Skewed and Flexible Skewed Distributions: A Modern Look at the Distribution of BMI

TLDR: In this paper, the authors used maximum likelihood estimation method to find distributions that best model body mass index (BMI) data and compared them to more conventional distributions, such as skew-normal and skew-t distributions, using AIC and BIC and Kolmogorov-Smirnov (K-S) goodness-of-fit test.

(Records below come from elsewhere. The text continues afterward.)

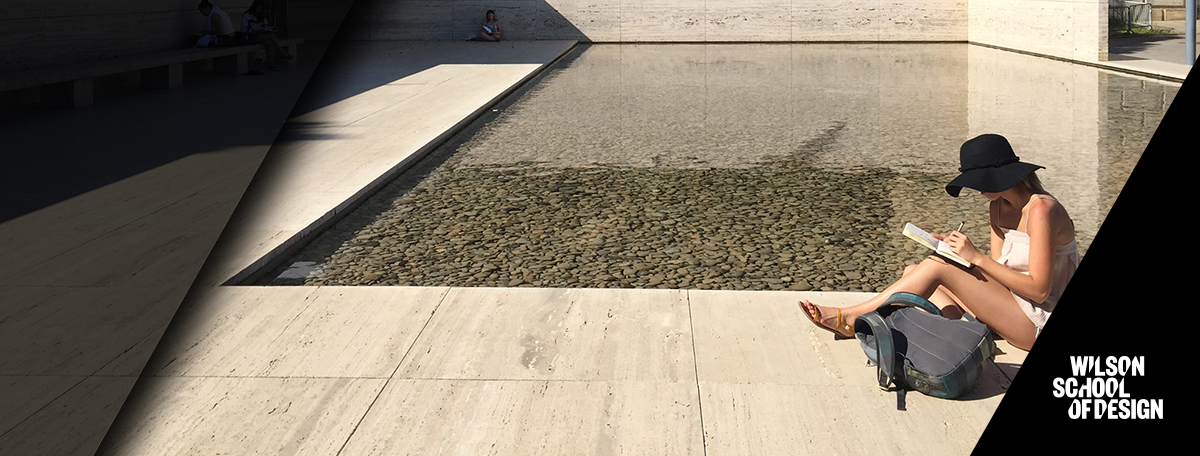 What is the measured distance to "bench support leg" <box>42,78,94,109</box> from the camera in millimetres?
11688

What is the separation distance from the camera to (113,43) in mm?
14445

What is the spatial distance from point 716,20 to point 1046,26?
8139 mm

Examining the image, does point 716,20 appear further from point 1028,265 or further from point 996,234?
point 1028,265

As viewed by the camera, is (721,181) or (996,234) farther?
(721,181)

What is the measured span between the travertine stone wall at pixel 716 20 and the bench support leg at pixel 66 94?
1392 cm

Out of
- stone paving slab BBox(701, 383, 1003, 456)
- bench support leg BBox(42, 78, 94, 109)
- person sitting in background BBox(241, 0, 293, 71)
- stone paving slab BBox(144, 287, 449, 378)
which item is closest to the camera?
stone paving slab BBox(701, 383, 1003, 456)

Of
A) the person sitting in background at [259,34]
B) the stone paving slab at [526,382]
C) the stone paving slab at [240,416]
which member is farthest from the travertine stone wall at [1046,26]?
the stone paving slab at [240,416]

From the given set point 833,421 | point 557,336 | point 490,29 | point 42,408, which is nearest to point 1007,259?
point 833,421

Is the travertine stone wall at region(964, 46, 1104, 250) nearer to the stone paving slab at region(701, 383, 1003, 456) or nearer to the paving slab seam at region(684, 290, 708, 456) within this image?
the paving slab seam at region(684, 290, 708, 456)

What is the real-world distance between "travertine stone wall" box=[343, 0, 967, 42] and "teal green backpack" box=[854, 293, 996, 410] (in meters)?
21.8

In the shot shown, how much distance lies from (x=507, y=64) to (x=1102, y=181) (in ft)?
39.0

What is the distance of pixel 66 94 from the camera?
11.8m

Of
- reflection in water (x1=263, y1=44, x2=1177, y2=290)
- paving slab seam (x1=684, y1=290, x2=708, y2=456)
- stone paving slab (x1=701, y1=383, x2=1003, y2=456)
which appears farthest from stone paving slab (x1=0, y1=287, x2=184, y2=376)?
stone paving slab (x1=701, y1=383, x2=1003, y2=456) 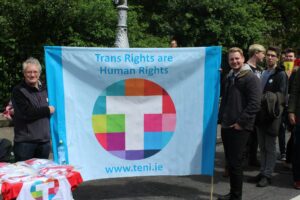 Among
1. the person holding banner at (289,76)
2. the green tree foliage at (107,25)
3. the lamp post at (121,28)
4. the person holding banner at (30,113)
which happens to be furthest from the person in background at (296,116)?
the green tree foliage at (107,25)

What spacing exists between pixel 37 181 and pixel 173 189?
253cm

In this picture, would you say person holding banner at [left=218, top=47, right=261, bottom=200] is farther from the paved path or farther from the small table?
the small table

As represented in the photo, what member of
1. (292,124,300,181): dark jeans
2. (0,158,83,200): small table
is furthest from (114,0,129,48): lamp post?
(0,158,83,200): small table

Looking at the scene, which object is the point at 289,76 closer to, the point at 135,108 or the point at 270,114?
the point at 270,114

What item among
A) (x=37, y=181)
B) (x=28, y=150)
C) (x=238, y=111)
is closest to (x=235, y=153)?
(x=238, y=111)

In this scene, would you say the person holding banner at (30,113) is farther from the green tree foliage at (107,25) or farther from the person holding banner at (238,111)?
the green tree foliage at (107,25)

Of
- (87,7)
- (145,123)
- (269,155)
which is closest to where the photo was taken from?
(145,123)

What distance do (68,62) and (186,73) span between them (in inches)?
49.2

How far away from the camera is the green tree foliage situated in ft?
35.8

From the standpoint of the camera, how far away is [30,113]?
4.35 metres

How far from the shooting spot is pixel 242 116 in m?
4.77

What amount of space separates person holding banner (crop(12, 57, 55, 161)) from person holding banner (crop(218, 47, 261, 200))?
1832 mm

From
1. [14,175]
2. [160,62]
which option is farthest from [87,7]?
[14,175]

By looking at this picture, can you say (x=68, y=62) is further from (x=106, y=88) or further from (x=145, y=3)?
(x=145, y=3) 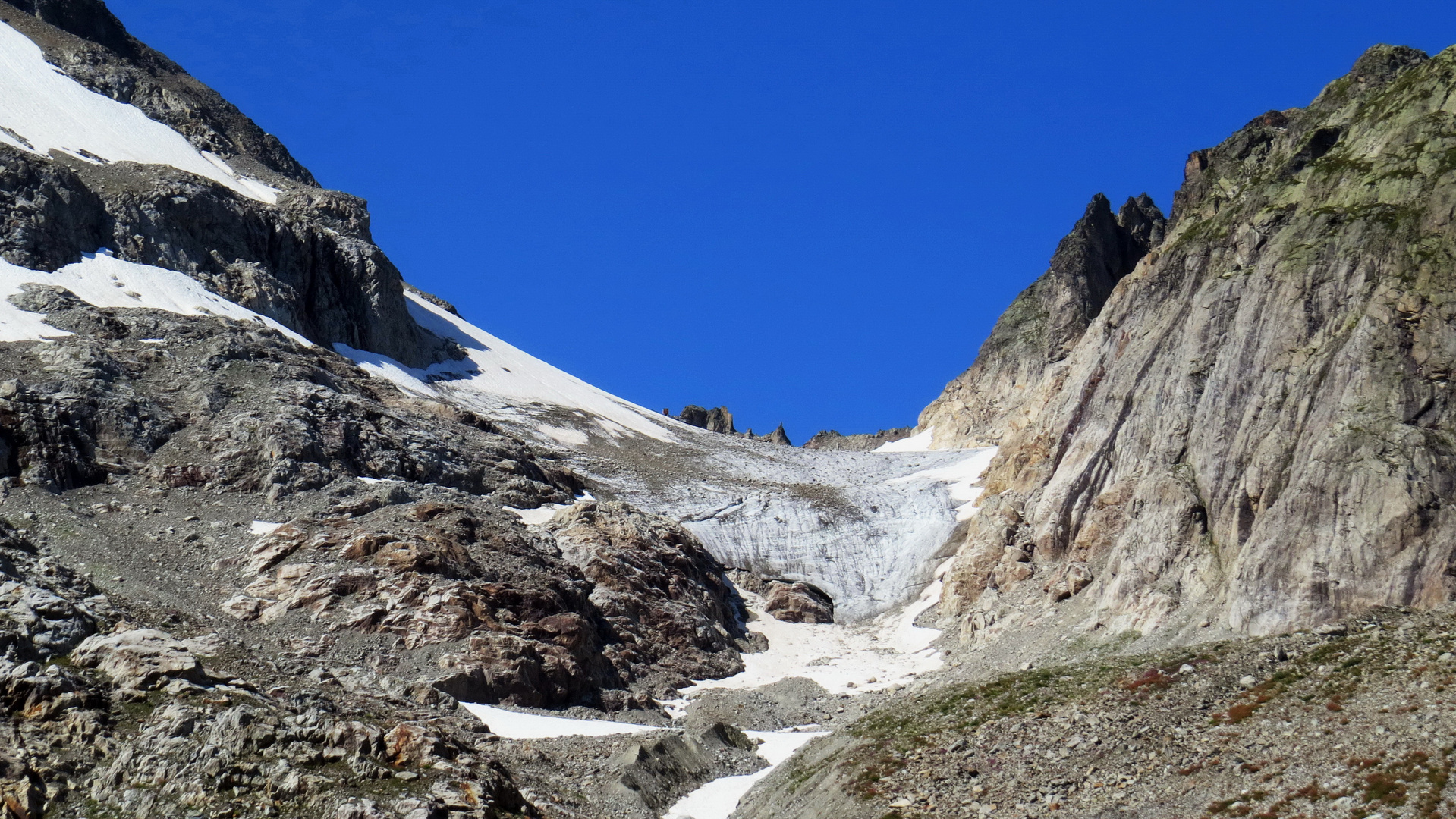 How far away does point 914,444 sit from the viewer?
159m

Abstract: ABSTRACT The purpose of this study is to find distributions that best model body mass index (BMI) data. BMI has become a standard health indicator and numerous studies have been done to examine the distribution of BMI. Due to the skew and bimodal nature, we focus on modeling BMI with flexible skewed distributions. The distributions are fitted to University of Wisconsin–Eau Claire (UWEC) BMI data and to data obtained from National Health and Nutrition Survey (NHANES). The model parameters are obtained using maximum likelihood estimation method. We compare flexible models to more conventional distributions, such as skew-normal and skew-t distributions, using AIC and BIC and Kolmogorov-Smirnov (K-S) goodness-of-fit test. Our results indicate that the skew-t and Alpha-Skew-Laplace distributions are reasonably competitive when describing unimodal BMI data whereas Alpha-Skew-Laplace, finite mixture of scale mixture of skew-normal and skew-t distributions are better alternatives to both unimodal and bimodal conventional distributions. The results we obtained are useful because we believe the models discussed in our study will offer a framework for testing features such as bimodality, asymmetry, and robustness of the BMI data, thus providing a more detailed and accurate understanding of the distribution of BMI.